# Supplied data:
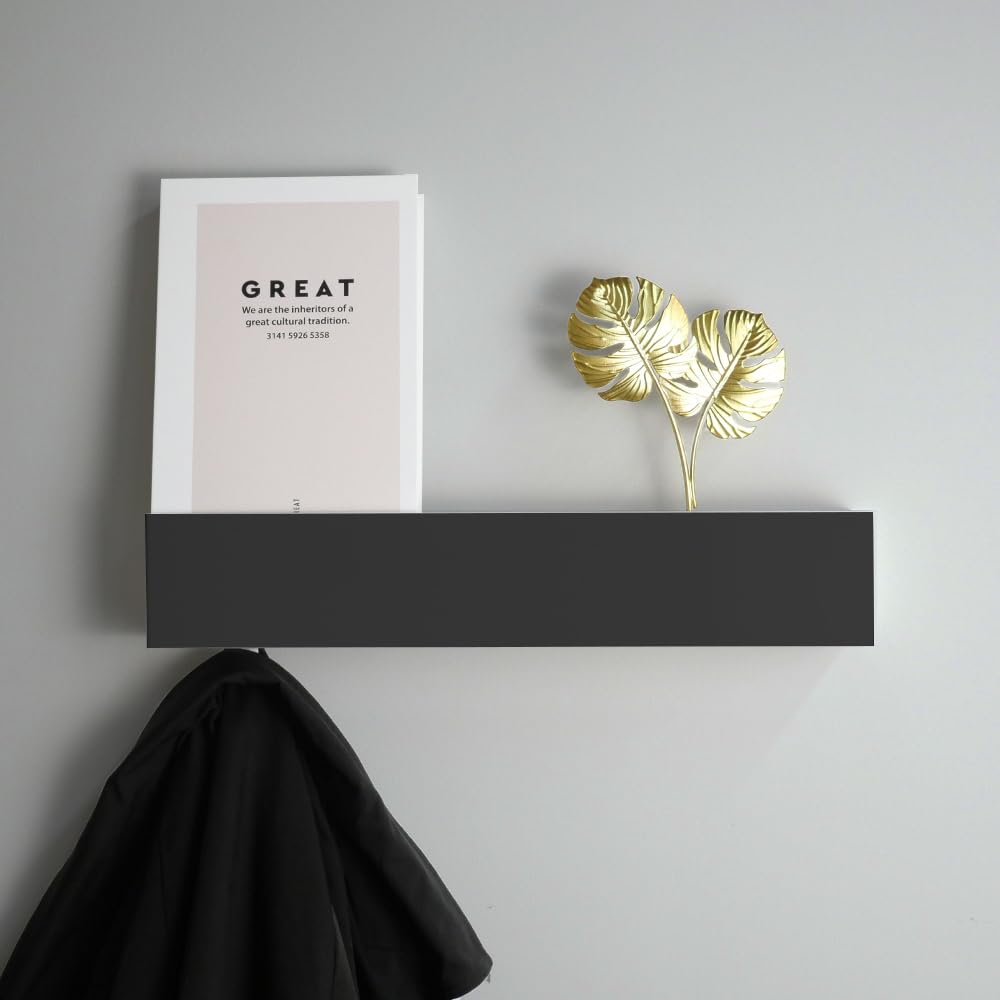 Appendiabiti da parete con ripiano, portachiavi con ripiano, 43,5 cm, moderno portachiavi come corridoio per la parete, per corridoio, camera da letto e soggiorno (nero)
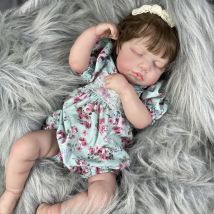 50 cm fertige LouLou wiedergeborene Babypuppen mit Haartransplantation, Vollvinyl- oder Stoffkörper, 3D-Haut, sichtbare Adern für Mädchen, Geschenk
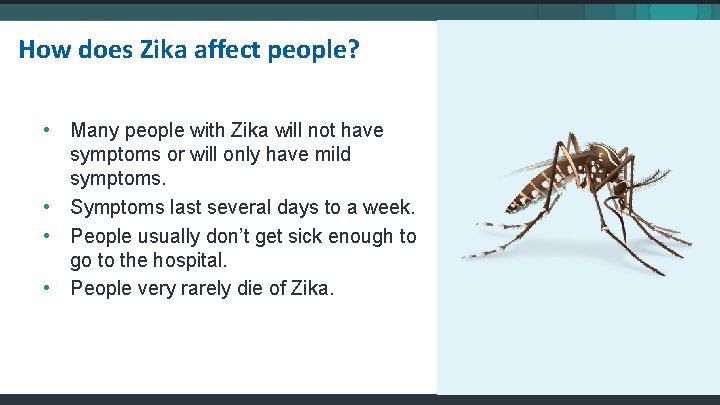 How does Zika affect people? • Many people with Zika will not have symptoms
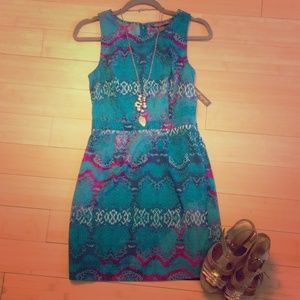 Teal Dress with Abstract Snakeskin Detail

# Exercise instructions:
I need the lines from the line containing "50 cm fertige" through the final line of the listing duplicated exactly, both ends included, with no pictures and nothing else.

# Result of this task:
 50 cm fertige LouLou wiedergeborene Babypuppen mit Haartransplantation, Vollvinyl- oder Stoffkörper, 3D-Haut, sichtbare Adern für Mädchen, Geschenk
 How does Zika affect people? • Many people with Zika will not have symptoms
 Teal Dress with Abstract Snakeskin Detail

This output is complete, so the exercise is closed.